(Records excerpted from a collection)
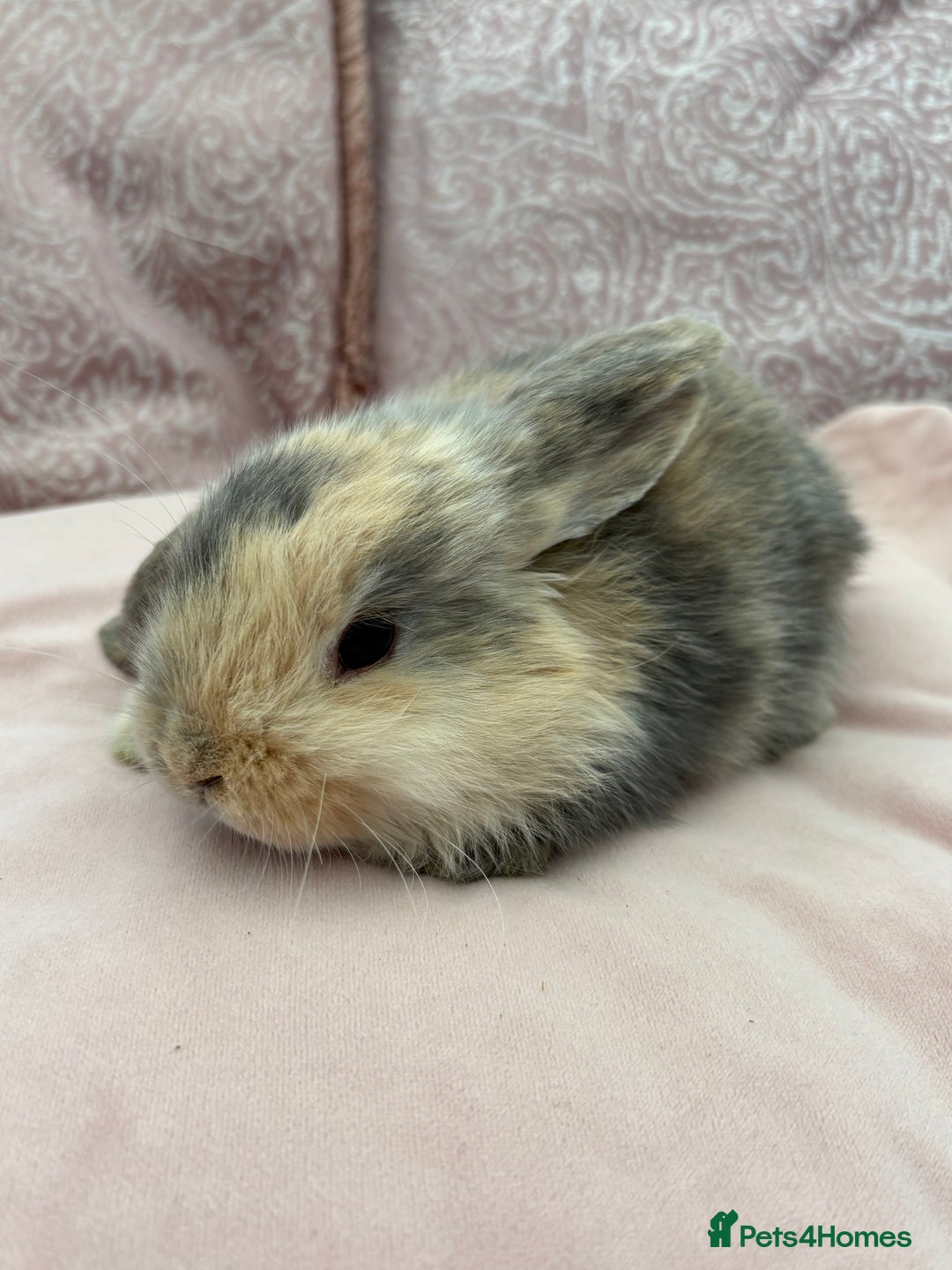 Mini Lop rabbits for sale: Beautiful mini lop bunnies  - Advert 4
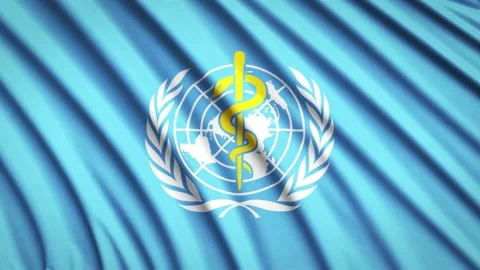 Loop Flag World Health Organization Stock Footage 155547610
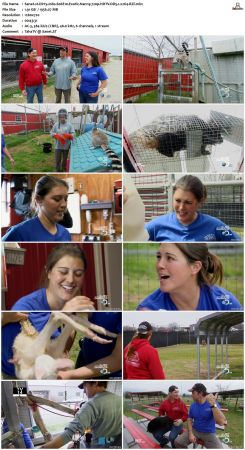 Dirty Jobs S06 720p HDTV DD5.1 x264-RZF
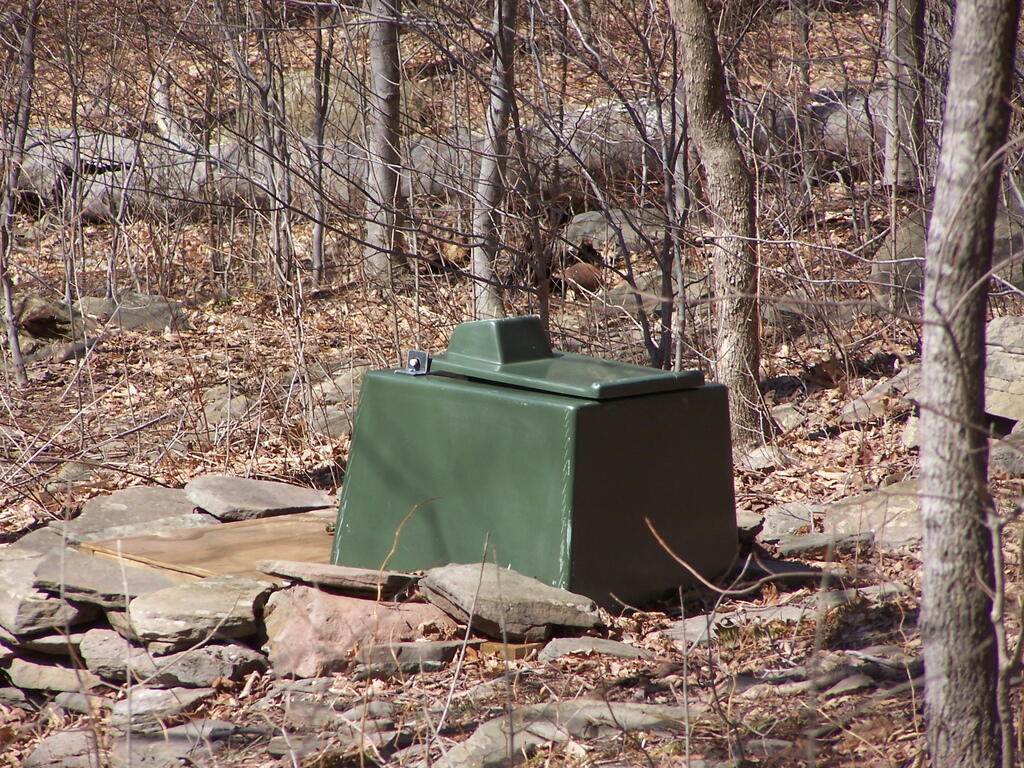 Photo: Bear Box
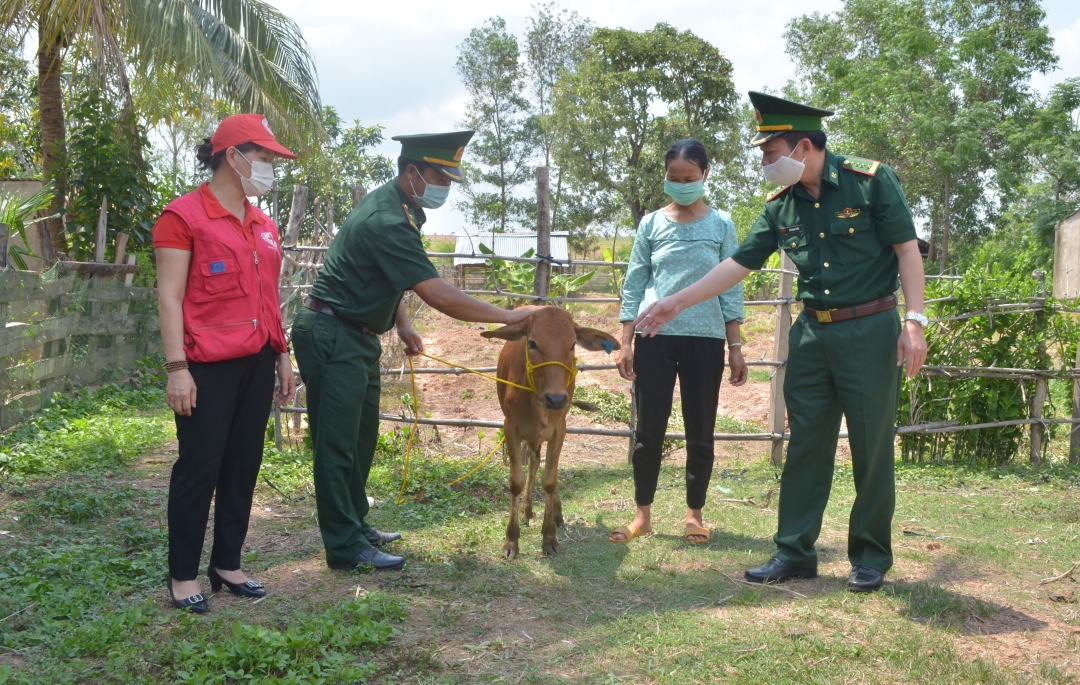 Đại diện Bộ Chỉ huy BĐBP tỉnh và Hội Chữ thập đỏ tỉnh trao tặng bò giống cho hộ nghèo.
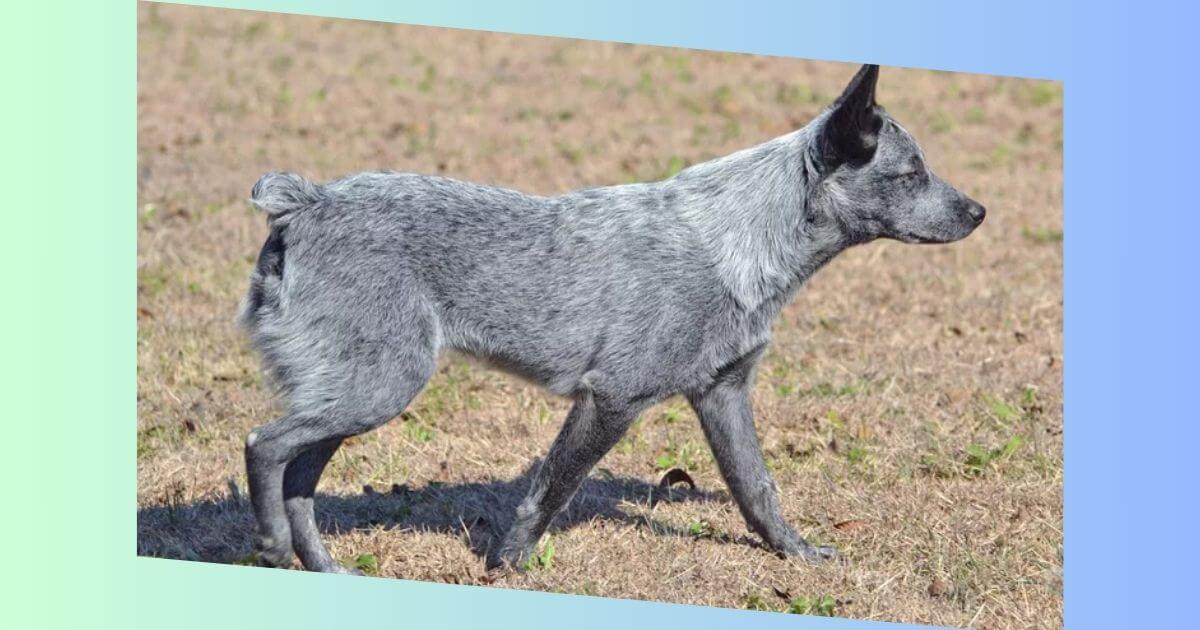 Australian Stumpy Tail Cattle Dog Bild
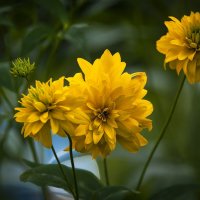 Золото августа. :: Вадим Басов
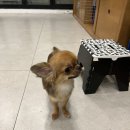 멍클래스 이미지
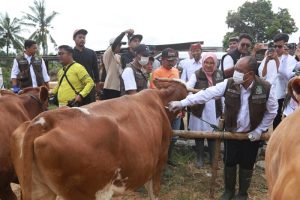 Jelang Idul Adha 2025, Banyuwangi Surplus Hewan Kurban dan Bahkan Suplai Daerah Lain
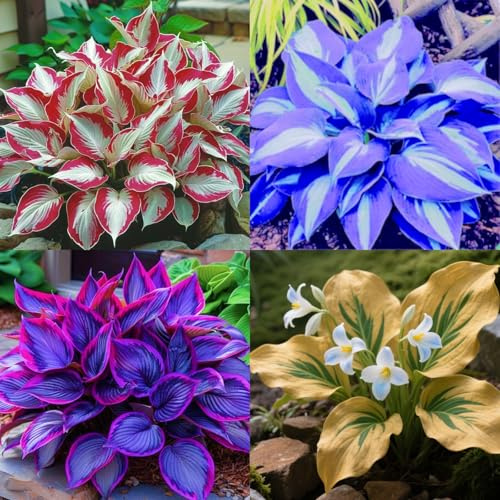 HGJKYTFCDG - Achetez les hostas résistants à l'hiver - Rhizomes de hosta - Acheter des hostas - Véritables hostas avec rhizome, idéal pour acheter pour votre jardin - Lot de 4 pièces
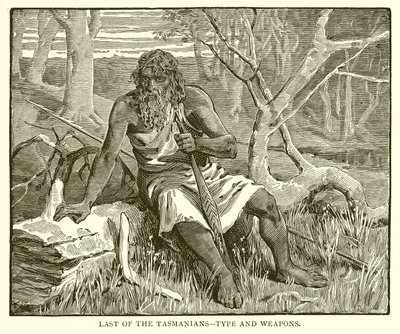 Último dos Tasmanianos - Tipo e Armas de English School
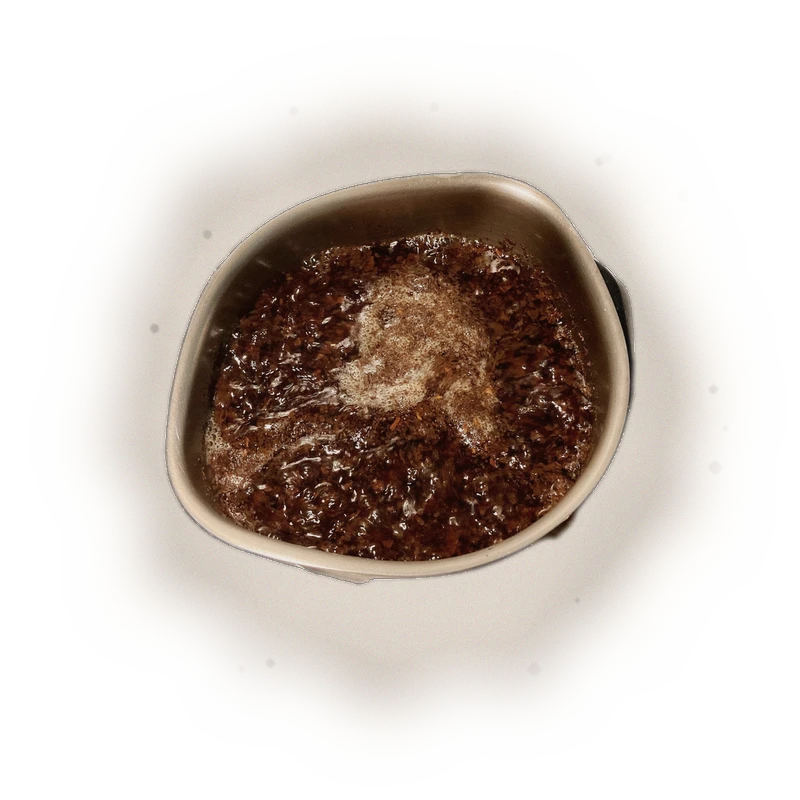 野貓伯爵茶 CAT Earl Grey 5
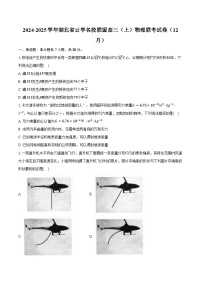 2024-2025學(xué)年湖北省云學(xué)名校聯(lián)盟高三（上）物理聯(lián)考試卷（12月）(含答案）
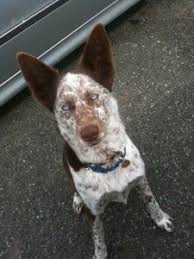 Black And White Australian Cattle Dog Mix Odin The Siberian Husky Australian Cattle Dog Collie Mix Allmutt Com Cattle Dogs Mix Australian Cattle Dog Mix Cattle Dog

- [ASSIGNMENT]
The lines to return run from the line containing "野貓伯爵茶 CAT Earl Grey 5" through the last line of the records. Give them exactly, omitting pictures.

- [THE COMPLETED TASK]
 野貓伯爵茶 CAT Earl Grey 5
 2024-2025學(xué)年湖北省云學(xué)名校聯(lián)盟高三（上）物理聯(lián)考試卷（12月）(含答案）
 Black And White Australian Cattle Dog Mix Odin The Siberian Husky Australian Cattle Dog Collie Mix Allmutt Com Cattle Dogs Mix Australian Cattle Dog Mix Cattle Dog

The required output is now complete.